The Northern Alliance is expected to hold three key ministries in the provisional government, with Abdullah Abdullah as foreign minister, Mohammed Quassim Fahim as defense minister, and Yunus Qanooni as interior minister.
The cabinet will include two women.
Karzai will face the challenge of presiding over a cabinet that the UN cobbled together based on a complicated formula of ethnicity, ability, and acceptability to others.
"Under the circumstances, you have to take a risk and give him a chance," says Citha Maass, Afghanistan expert with SWP, the German Institute for International and Security Affairs in Berlin.
Karzai's strengths are his youth, western orientation, fluency in English, and affiliation with the country's largest ethnic group, the Pashtuns. she says.
Pitfalls, says Dr. Maass, could be his ties to the US, as well as a potential conflict with other young ministers representing the Northern Alliance.
"Where I see a danger is that power will go to his head," says Maass, who knows Karzai personally. She questions whether he has the personality and maturity to play a conciliatory role.
While the Northern Alliance is composed primarily of Afghanistan's ethnic Tajiks, Uzbeks, and Hazaras, Karzai comes from a prominent Pashtun tribe, the Popolzai, whose homeland is north of the embattled city of Kandahar.
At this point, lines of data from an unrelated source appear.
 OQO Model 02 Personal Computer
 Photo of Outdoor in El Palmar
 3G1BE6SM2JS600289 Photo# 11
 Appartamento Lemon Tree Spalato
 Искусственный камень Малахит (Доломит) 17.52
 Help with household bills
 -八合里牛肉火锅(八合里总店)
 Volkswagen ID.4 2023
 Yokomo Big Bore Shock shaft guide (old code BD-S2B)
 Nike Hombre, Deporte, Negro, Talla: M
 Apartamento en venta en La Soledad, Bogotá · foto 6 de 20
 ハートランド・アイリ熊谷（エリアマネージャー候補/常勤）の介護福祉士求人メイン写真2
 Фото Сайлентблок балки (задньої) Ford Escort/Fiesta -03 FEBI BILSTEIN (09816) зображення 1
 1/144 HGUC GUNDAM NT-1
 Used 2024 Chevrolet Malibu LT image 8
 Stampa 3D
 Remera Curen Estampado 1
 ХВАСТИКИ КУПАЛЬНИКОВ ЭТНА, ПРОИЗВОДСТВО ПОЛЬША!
The Popolzai are a branch of the Durrani clan, which for the past 200 years has produced the country's kings.
"The family was conservative in the sense that it was rich. They were loyal to the king and wanted to keep the status quo," remembers an expatriate Afghan who studied at Kabul University with one of Karzai's six brothers in the 1960s.
"The father was a large landowner - of course they wanted to maintain this lifestyle." Yet the émigré, who asked not to be named, says the family was not conservative in any religious sense. Abdul-Ahad, Karzai's father, was a member of the Afghan parliament under the king.
Karzai was studying political science in Simla, India, when the Soviets launched their fateful invasion of Afghanistan in 1979. The rest of his family fled to the US and later opened Afghan restaurants in Chicago, San Francisco, Baltimore, and Cambridge, Mass.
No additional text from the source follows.